Java development 2.0: Cloud-based messaging with Amazon SQS

Pay as you go, with Amazon's message-queuing system

Amazon Simple Queue Service (SQS) borrows what it needs from message-oriented middleware (MOM) but doesn't lock you in to any one implementation language or framework. Learn how to use Amazon SQS to alleviate the burden of installing and maintaining a message-queuing system, while leveraging the pay-as-you-go scalability of AWS.

Andrew Glover, Author and developer, Beacon50

Andrew GloverAndrew Glover is a developer, author, speaker, and entrepreneur with a passion for behavior-driven development, Continuous Integration, and Agile software development. He is the founder of the easyb Behavior-Driven Development (BDD) framework and is the co-author of three books: Continuous Integration, Groovy in Action, and Java Testing Patterns. You can keep up with him at his blog and by following him on Twitter.



22 March 2011

Also available in Chinese Russian Japanese Portuguese

About this series

The Java development landscape has changed radically since Java™ technology first emerged. Thanks to mature open source frameworks and reliable for-rent deployment infrastructures, it's now possible to assemble, test, run, and maintain Java applications quickly and inexpensively. In this series, Andrew Glover explores the spectrum of technologies and tools that make this new Java development paradigm possible.

Messaging queues are common across a range of software architectures and domains, including financial systems, healthcare, and the travel industry. Yet message-oriented middleware (MOM) — the dominant messaging paradigm for distributed systems — requires a queuing system to be especially installed and maintained. This month, I introduce a cloud-based alternative to such labor-intensive messaging: Amazon’s Simple Queue Service (SQS).

Just as it often makes sense to host a web application on Google App Engine or Amazon Elastic Beanstalk (see Resources), so does it make sense to leverage a cloud messaging system. Either way, you are able to spend more time writing the application, rather than installing and maintaining its underlying infrastructure.

In this article, you'll learn how Amazon SQS elevates the burden of installing and maintaining a message-queuing system. You'll also have the opportunity to practice creating SQS message queues, then dropping and retrieving messages on them. Finally, I'll show you what happens when I add messaging to Magnus, the mobile web application I used for last month's introduction to Amazon Elastic Beanstalk.

Who's calling? It's MOM.

Message-oriented middleware, or MOM, is a term that describes loosely coupled systems that communicate via message queues. Rather than the components of a system being tightly coupled (via compile-time dependencies, for example) they are distributed across a network. This distributed effect, in which message queues are the medium for communication, enables messaging systems to scale.
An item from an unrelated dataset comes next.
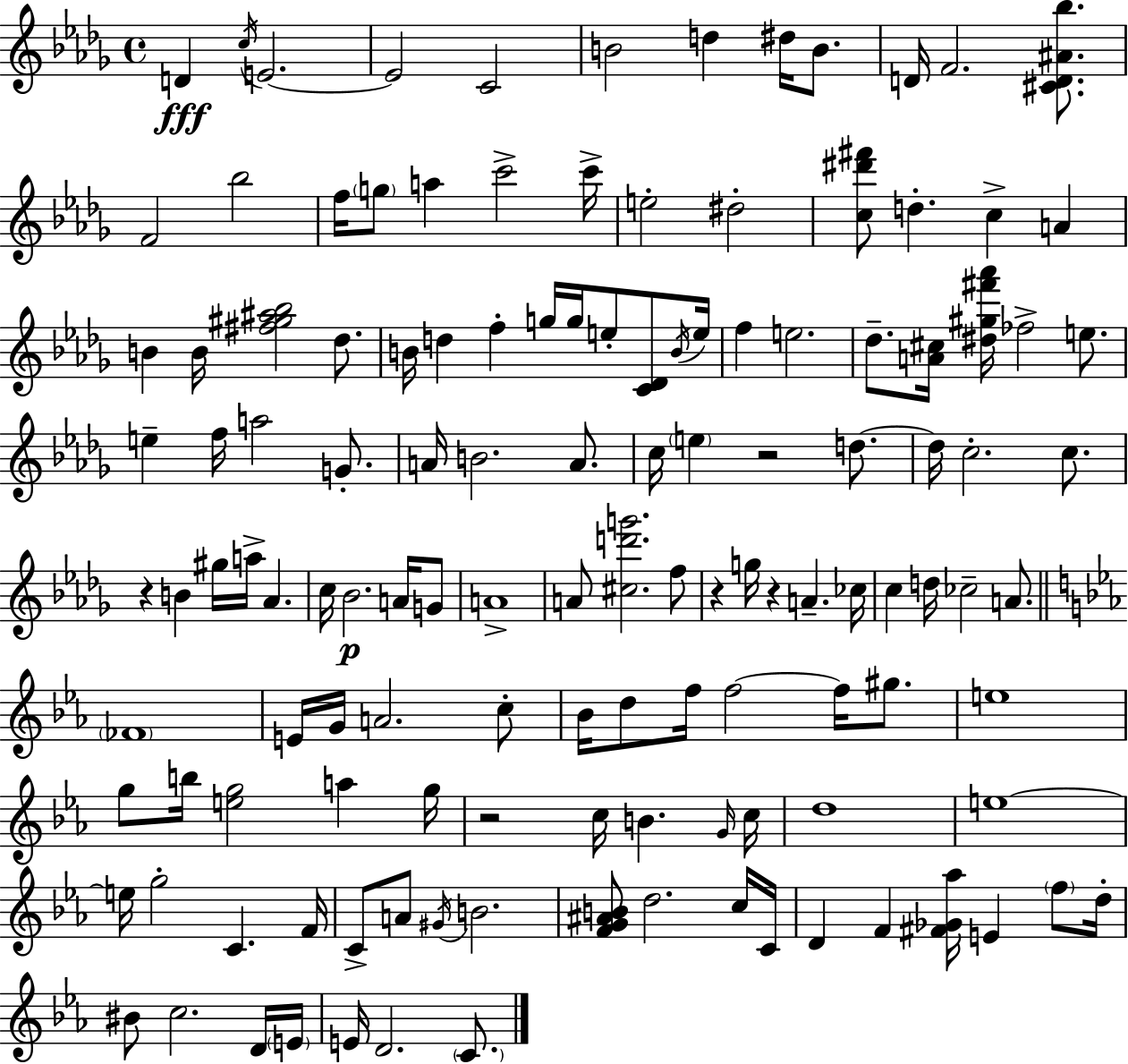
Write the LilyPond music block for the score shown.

Traditionally, architects have decided which components will communicate with one another in a message-oriented system. While all communication happens via message passing, the message itself is often in a generic cross-platform format. Messages could be simple strings or even documents encoded using XML or JSON.

Because a MOM architecture decouples components and enables cross-platform communication between them, individual units can be heterogenous. That is, components in a distributed architecture can be written in different languages, such as in the Java language, C#, and Ruby. Components can also exist on different platforms, like UNIX® and Windows®. What’s more, MOMs make system integration easier. As middleware, MOMs can connect legacy systems as well as newer ones. This is because the API between components is simply a message, which can be anything from an XML document, to a serialized object, to a simple String.

GAE is your MOM!

Message queues in a MOM system are the plumbing of the web: they connect various system components in order to enable messages to flow freely between them. As it turns out, GAE is an excellent example of a message-oriented middleware system.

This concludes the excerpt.